Personal information
- Date of birth: 12 August 1997 (age 28)
- Place of birth: Mönchengladbach, Germany
- Height: 1.84 m (6 ft 0 in)
- Position: Midfielder

Team information
- Current team: SSVg Velbert
- Number: 23

Youth career
- 2010–2014: Borussia Mönchengladbach
- 2014–2016: 1. FC Mönchengladbach

College career
- Years: Team / Apps / (Gls)
- 2016–2019: UNLV Rebels / 79 / (25)

Senior career*
- Years: Team / Apps / (Gls)
- 2016: 1. FC Mönchengladbach / 6 / (2)
- 2017: OKC Energy U23 / 5 / (2)
- 2020: Rio Grande Valley FC / 4 / (0)
- 2021–2022: SV Straelen / 39 / (2)
- 2022–: SSVg Velbert / 111 / (12)

= Timo Mehlich =

German footballer

Timo Mehlich (born 12 August 1997) is a German footballer who plays as a midfielder for SSVg Velbert.

== Career ==
=== Youth ===
Mehlich began playing with the Borussia Mönchengladbach academy in 2010, where he stayed until 2014. After being released from the Borussia academy, Melich joined Oberliga Niederrhein side 1. FC Mönchengladbach. Whilst with the team, he made six first team appearances, scoring two goals and tallying two assists.

=== College & PDL===
In 2016, Mehlich moved to the United States to play college soccer at the University of Nevada, Las Vegas, where he played for four years.

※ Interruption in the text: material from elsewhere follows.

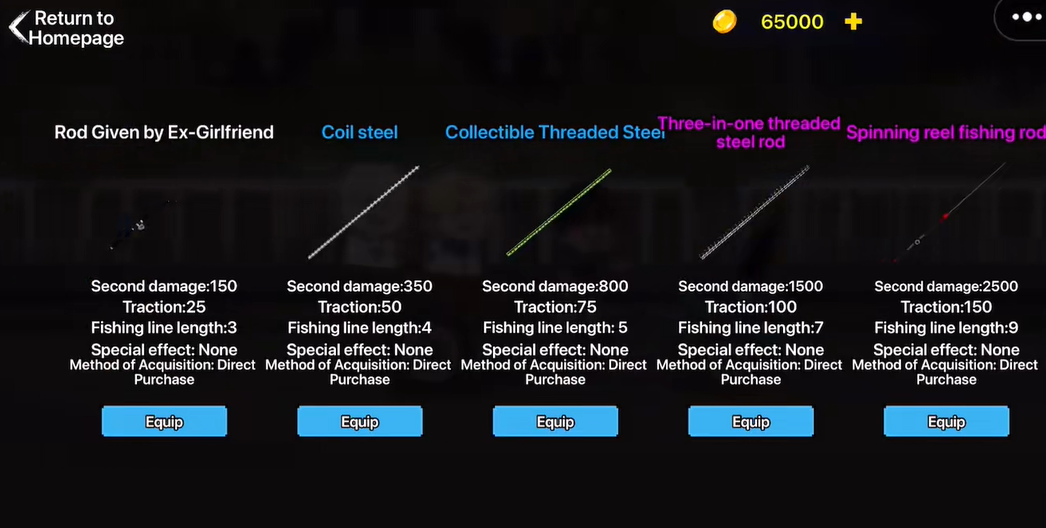 Cửa h&agrave;ng cần c&acirc;u c&aacute; vạn c&acirc;n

While at college, Mehlich also appeared for USL PDL side OKC Energy U23 during their 2017 season.

=== Professional ===
On 9 January 2020, Mehlich was selected 52nd overall in the 2020 MLS SuperDraft by Seattle Sounders FC. However, he instead opted to join USL Championship side Rio Grande Valley FC on 11 January 2020.

He made his professional debut on 8 March 2020, starting in a 5–1 loss to LA Galaxy II.

On 5 January 2021, Mehlich joined Regionalliga West side SV Straelen.